-- INSTRUCTIONS FOR THE TASK --
Please copy each line of the records below that includes the word "Used".

Stored data:
....................
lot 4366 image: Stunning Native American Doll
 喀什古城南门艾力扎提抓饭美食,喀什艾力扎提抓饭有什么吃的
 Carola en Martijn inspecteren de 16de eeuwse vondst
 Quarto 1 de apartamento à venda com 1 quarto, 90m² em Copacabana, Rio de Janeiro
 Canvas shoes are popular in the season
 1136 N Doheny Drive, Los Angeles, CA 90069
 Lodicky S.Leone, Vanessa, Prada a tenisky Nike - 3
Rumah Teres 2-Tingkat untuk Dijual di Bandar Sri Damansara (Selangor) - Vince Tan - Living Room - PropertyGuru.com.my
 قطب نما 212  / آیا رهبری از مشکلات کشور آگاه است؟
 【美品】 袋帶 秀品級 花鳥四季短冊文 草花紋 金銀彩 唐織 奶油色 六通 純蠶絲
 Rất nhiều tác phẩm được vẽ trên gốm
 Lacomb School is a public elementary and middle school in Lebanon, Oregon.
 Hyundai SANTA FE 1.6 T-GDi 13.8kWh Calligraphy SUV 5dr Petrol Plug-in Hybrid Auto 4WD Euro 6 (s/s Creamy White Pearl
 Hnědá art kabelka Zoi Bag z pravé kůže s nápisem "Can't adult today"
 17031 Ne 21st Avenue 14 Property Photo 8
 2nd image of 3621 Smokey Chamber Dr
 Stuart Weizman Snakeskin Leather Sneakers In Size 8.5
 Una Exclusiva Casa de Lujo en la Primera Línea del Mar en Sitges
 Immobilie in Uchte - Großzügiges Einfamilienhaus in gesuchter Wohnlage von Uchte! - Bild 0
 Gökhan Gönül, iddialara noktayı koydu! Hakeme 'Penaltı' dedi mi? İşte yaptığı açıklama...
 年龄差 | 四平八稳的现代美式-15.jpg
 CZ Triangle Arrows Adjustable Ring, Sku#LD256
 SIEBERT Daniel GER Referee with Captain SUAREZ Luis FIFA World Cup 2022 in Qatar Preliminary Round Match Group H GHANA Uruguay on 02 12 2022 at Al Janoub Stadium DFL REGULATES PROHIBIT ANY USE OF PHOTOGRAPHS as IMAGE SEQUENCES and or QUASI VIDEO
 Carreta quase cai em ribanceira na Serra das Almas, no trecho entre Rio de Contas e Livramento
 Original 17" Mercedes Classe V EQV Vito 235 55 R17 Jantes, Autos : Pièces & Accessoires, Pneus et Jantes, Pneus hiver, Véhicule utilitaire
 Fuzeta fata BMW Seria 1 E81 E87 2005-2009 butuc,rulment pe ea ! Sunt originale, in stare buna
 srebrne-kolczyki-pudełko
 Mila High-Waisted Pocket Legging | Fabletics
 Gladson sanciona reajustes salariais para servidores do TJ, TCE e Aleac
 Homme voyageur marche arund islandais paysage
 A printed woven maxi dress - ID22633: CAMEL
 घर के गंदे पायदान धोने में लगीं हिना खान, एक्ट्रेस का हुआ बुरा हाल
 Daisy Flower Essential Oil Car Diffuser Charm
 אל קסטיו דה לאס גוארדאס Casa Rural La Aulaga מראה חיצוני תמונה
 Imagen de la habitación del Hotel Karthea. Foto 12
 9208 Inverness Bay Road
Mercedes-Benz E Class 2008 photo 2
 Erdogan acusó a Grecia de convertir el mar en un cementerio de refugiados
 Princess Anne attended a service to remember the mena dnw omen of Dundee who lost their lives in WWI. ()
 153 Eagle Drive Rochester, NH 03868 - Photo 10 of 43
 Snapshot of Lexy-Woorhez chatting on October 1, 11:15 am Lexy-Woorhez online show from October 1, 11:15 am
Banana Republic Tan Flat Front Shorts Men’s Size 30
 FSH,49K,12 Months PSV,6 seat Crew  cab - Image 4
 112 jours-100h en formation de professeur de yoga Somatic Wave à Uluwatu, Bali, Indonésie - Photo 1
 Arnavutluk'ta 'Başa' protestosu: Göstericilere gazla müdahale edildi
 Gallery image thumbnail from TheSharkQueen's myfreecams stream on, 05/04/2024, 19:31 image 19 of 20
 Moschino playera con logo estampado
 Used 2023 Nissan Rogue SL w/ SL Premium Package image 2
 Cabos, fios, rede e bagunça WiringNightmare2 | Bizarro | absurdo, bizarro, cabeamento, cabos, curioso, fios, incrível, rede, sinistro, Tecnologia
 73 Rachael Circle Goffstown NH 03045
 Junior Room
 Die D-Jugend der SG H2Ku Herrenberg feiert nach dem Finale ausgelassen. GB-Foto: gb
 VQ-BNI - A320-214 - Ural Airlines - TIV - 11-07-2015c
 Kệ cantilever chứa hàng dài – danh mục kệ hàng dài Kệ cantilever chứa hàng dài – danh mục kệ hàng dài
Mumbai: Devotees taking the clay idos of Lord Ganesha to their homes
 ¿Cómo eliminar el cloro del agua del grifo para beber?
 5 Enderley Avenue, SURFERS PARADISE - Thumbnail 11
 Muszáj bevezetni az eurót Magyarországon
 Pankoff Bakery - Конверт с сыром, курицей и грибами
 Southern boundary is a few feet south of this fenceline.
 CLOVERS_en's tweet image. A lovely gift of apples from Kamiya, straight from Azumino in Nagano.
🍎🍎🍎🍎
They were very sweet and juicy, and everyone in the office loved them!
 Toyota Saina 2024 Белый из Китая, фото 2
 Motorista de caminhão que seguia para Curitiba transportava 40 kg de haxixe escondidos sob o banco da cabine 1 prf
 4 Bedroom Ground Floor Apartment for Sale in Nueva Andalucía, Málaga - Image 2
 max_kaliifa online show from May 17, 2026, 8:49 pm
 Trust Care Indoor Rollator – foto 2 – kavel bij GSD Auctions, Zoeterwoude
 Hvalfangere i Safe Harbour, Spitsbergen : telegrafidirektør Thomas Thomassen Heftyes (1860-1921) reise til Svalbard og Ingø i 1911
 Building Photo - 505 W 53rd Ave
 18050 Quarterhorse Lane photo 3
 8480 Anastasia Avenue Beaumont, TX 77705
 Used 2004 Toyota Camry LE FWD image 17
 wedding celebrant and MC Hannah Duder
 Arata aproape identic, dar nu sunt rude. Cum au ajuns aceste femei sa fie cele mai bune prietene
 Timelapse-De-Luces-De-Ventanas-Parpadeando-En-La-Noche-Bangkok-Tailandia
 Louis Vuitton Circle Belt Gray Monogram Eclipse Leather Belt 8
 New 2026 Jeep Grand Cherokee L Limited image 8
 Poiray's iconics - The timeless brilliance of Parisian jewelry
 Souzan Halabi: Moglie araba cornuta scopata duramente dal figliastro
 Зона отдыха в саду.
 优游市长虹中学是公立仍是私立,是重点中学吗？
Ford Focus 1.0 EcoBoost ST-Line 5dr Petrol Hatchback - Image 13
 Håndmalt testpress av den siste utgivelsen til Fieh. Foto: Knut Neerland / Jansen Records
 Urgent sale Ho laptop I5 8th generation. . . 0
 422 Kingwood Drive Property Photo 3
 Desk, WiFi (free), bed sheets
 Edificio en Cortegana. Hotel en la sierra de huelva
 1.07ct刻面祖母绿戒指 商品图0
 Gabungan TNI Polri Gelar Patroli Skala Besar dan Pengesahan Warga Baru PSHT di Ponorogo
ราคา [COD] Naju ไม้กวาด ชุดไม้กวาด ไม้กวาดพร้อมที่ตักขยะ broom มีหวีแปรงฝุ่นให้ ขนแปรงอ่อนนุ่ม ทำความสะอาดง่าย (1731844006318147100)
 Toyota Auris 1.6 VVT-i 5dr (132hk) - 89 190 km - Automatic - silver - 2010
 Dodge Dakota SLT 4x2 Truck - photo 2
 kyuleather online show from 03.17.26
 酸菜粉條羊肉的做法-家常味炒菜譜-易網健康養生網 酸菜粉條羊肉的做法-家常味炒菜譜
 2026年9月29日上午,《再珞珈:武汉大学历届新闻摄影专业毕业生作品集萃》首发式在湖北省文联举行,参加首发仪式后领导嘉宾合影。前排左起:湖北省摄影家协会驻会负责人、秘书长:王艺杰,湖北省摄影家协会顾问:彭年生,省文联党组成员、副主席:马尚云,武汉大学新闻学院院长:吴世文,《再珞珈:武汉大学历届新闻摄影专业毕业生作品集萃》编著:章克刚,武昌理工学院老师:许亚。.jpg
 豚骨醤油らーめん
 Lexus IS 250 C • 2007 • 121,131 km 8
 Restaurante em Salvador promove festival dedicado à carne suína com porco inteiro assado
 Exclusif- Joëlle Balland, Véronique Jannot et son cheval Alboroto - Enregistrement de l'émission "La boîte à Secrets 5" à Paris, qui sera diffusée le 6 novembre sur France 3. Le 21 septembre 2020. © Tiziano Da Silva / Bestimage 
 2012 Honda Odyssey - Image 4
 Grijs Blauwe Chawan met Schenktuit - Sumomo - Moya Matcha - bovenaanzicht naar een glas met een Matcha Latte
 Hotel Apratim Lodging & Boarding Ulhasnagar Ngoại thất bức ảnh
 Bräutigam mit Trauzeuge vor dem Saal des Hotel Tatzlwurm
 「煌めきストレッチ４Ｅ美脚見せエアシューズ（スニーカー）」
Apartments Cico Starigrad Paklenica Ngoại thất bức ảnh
....................
-- RESPONSE FOR THIS EXERCISE --
 Used 2023 Nissan Rogue SL w/ SL Premium Package image 2
 Used 2004 Toyota Camry LE FWD image 17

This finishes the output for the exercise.